WilliamGravesWilliam Munro and Graves Bulmer rest eternally in St Oswald’s churchyard, about a hundred paces from each other. In life, for a short time, they were near neighbours. In October 1834 a notice in a local newspaper gave advanced notice of an Auction of properties in Filey to be held early the following year.

 

Also, two other MESSUAGES or DWELLING-HOUSES, one of them newly erected, and now in the occupation of Mr. Wm Dunn, and the other occupied by Mr. Munro, Surgeon.

Also, a neat STONE COTTAGE, with the Barn and Out-buildings adjoining, in the occupation of Graves Bulmer. Also the BATH-HOUSE, fitted up with Hot and Cold Baths, and a piece of Building Ground in the Town Street.

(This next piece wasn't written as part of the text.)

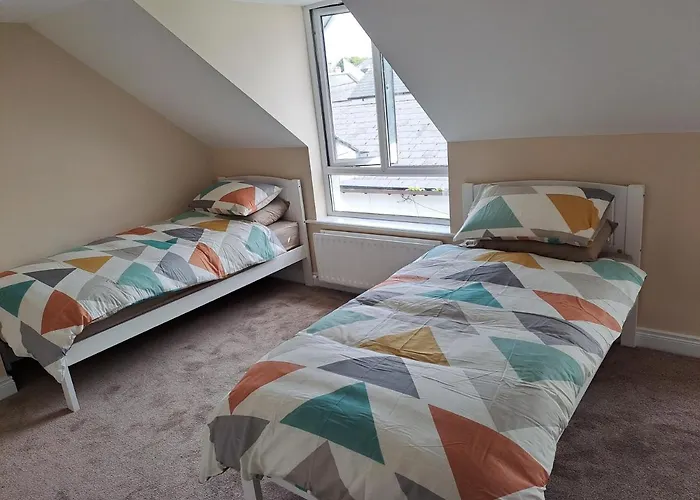 3 Riverwalk, Town Semesterbostad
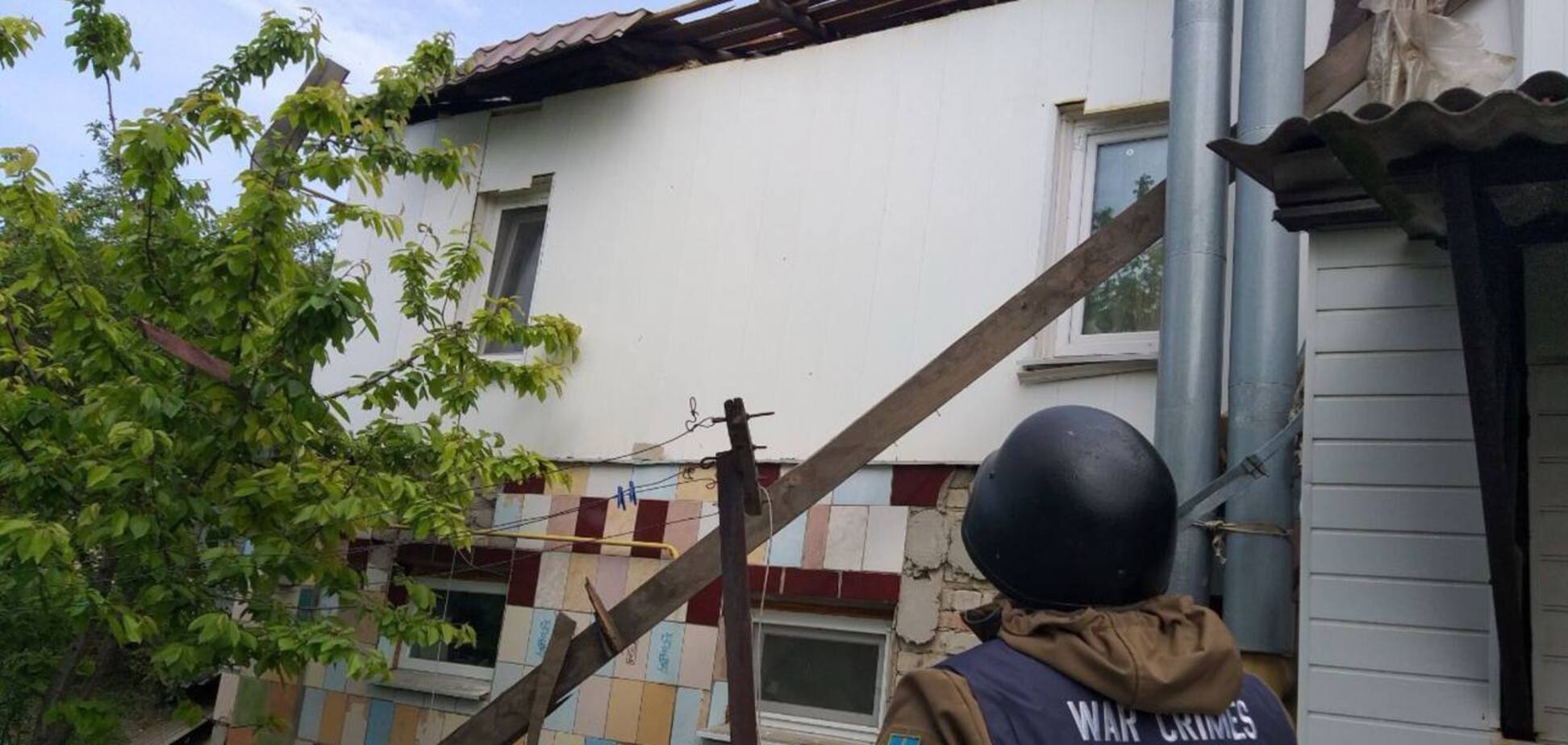 Оккупанты ударили по Купянску на Харьковщине, снаряд попал в дом: пострадал мужчина. Фото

A note in William’s record in Filey Genealogy &Connections states:-

1823:  a warm bath may be procured by applying at the house of Mr Munro, surgeon, who is possessed of a portable one, manufactured out of tin on an improved construction, which can be either lent out, or persons may be accommodated with it at Mr M’s house.

(The date “1823” must be treated with suspicion. A 17-year-old surgeon?)

At the 1841 Census, four Munro men were living in Main Street, Filey. William is first named, age 35, occupation Surgeon. Donald, 65, is a Grocer; John, 20, a Confectioner; Donald, 25, an Engineer. Also enumerated are a Surgeon’s Assistant, two female servants and a boy, 10, also a servant. William’s wife, Agnes, had died the previous year but his mother (and the elder Donald’s wife) was still living but enumerated elsewhere.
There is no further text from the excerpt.